Zaten başta İstanbul olmak üzere Antalya ve diğer kentlerde meydanlara çıkan bir kısım Suriyeliler kutlama yapmaktalar…
Kaldı ki yeni yönetimin sahipleri olacak güçler dışardaki Suriyelilere ülkelerine dönme çağırısı yapıyorlar…
Esat’ın ülkesini terk etmesi ve siyasi sisteminin çökmesi olayında çok dikkat çeken asıl olay “Suriye ordusunun tek bir mermi atmadan geri çekilmesidir…”
HTŞ ve diğer muhalif grupların 10 gibi kısa bir sürede Şam’ı ele geçirmesinin özünde Suriye ordusunun bu tutumu yatmaktadır…

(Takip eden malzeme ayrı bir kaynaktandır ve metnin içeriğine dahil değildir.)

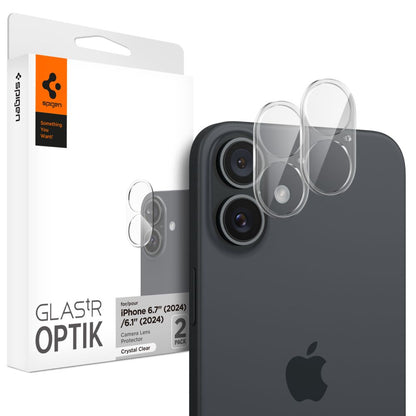 Zaštitna folija za zadnju kameru Spigen GlastR Optik za Apple iPhone 16 Plus / 16, Kaljeno staklo, Set od 2 komada, Providna AGL07923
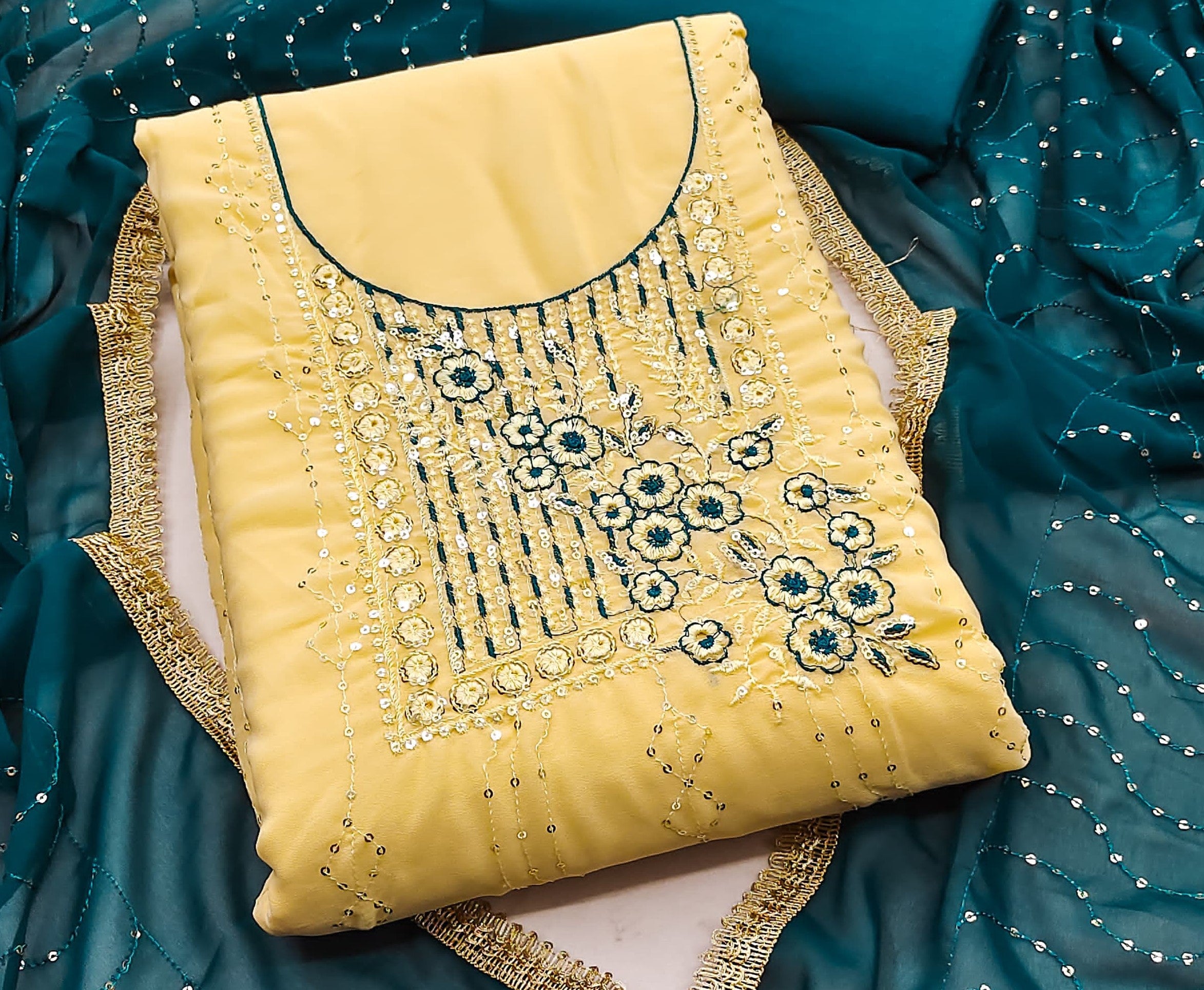 Light Yellow Faux Georgette Dress Wedding Wear  Embrodary  Work Semi Stitched  Matrials For Women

Aynı olay Irak’ta da yaşandı…
Körfeze çıkan ABD askerleri, Irak ordusu karşısında hiç bir direnmeyle karşılaşmadan 10 günde hiç çatışma olmadan Bağdat’a girmişler ve Irak ordusu tek bir mermi atmadan ülkesini teslim etmişti.
Şurası çok nettir ki; dünyadaki tüm devletlerin siyasal sistemlerinin koruyucusu o devletin silahlı kuvvetleridir…
Çok benzer olmazsa da 1991 yılında Moskova’da Yeltsin denen biri Kızılordunun tanklarından birinin üstüne çıktı, halk alkışladı, dünyaya korku salan “Kızılordu ses etmedi” ve sosyalizm bir anda çöktü…
Aslında siyasal sistemleri çökerten, son örnek olarak Suriye’de de görüleceği gibi “muhalif güçler” değildir…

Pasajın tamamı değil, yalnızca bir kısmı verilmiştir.